Items listed in a dataset
_ _ _ _ _

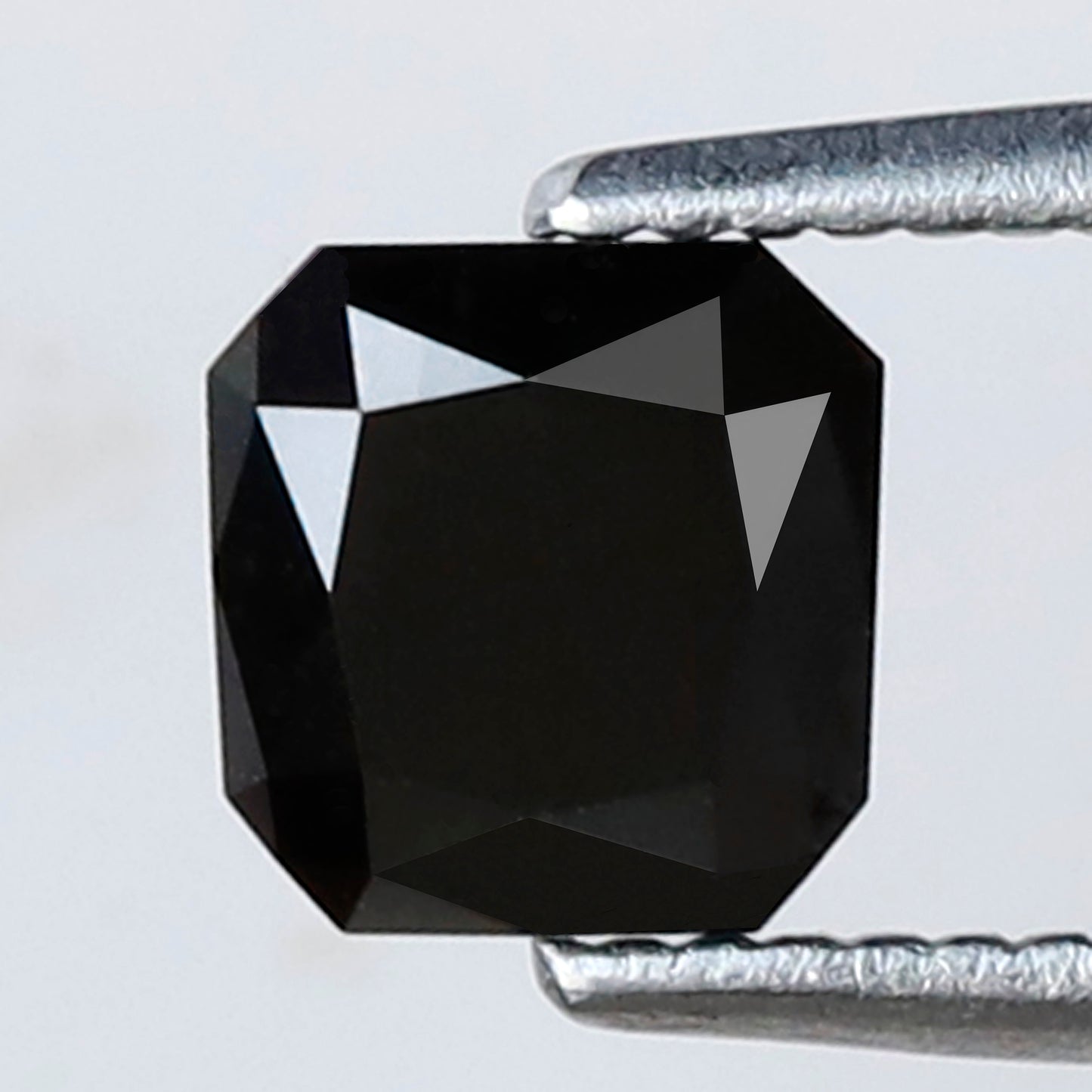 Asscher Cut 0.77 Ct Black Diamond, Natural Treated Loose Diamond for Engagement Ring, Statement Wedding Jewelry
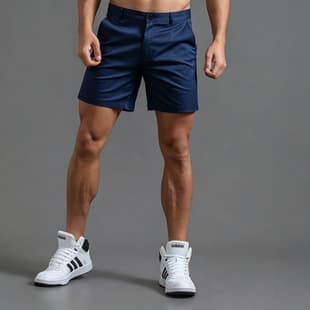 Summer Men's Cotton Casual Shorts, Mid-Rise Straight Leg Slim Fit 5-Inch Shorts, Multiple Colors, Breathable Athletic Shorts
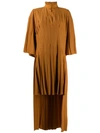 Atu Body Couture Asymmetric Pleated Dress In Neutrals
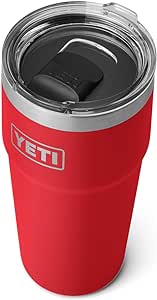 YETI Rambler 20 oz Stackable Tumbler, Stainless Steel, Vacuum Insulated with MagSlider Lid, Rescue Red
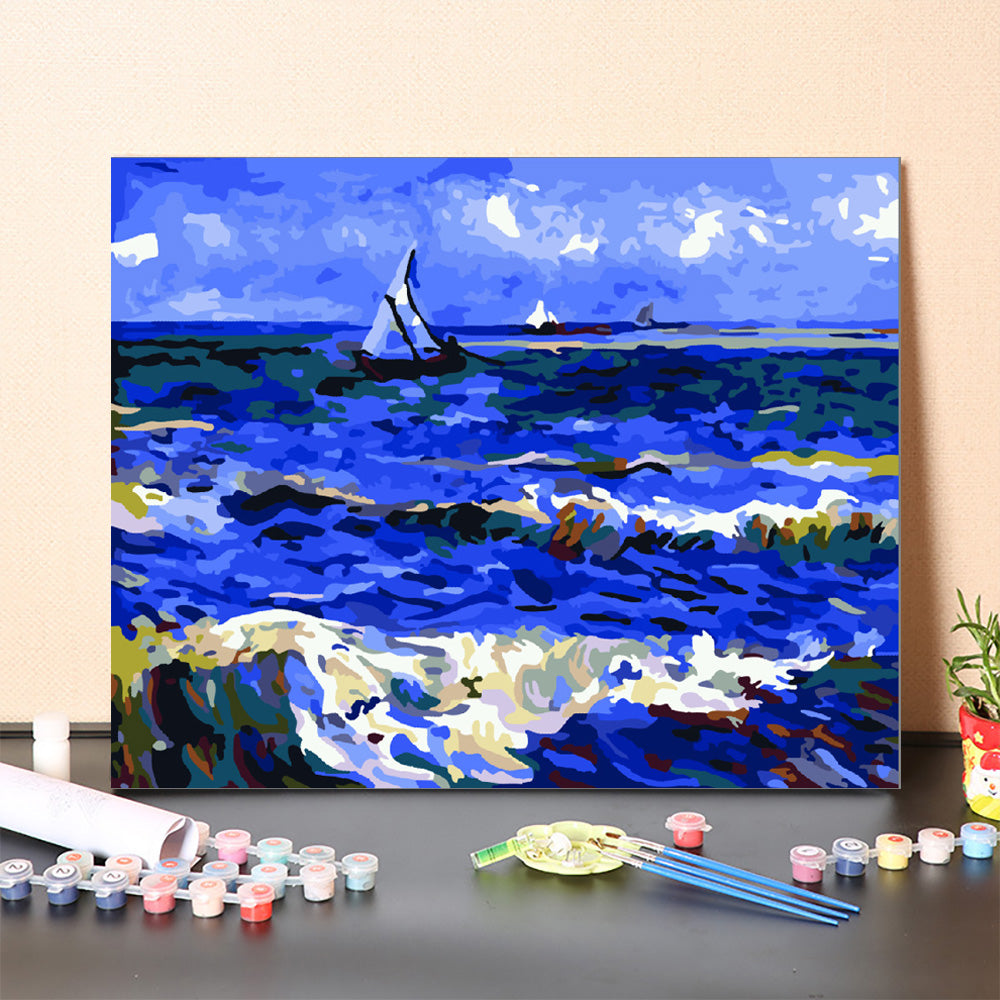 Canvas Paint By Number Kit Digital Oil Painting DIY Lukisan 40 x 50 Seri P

_ _ _ _ _

#### [ASSIGNED TASK]
Each line of the data needs to be output exactly, with any image excluded.

#### [RESULT OF THIS EXERCISE]
 Asscher Cut 0.77 Ct Black Diamond, Natural Treated Loose Diamond for Engagement Ring, Statement Wedding Jewelry
 Summer Men's Cotton Casual Shorts, Mid-Rise Straight Leg Slim Fit 5-Inch Shorts, Multiple Colors, Breathable Athletic Shorts
 Atu Body Couture Asymmetric Pleated Dress In Neutrals
 YETI Rambler 20 oz Stackable Tumbler, Stainless Steel, Vacuum Insulated with MagSlider Lid, Rescue Red
 Canvas Paint By Number Kit Digital Oil Painting DIY Lukisan 40 x 50 Seri P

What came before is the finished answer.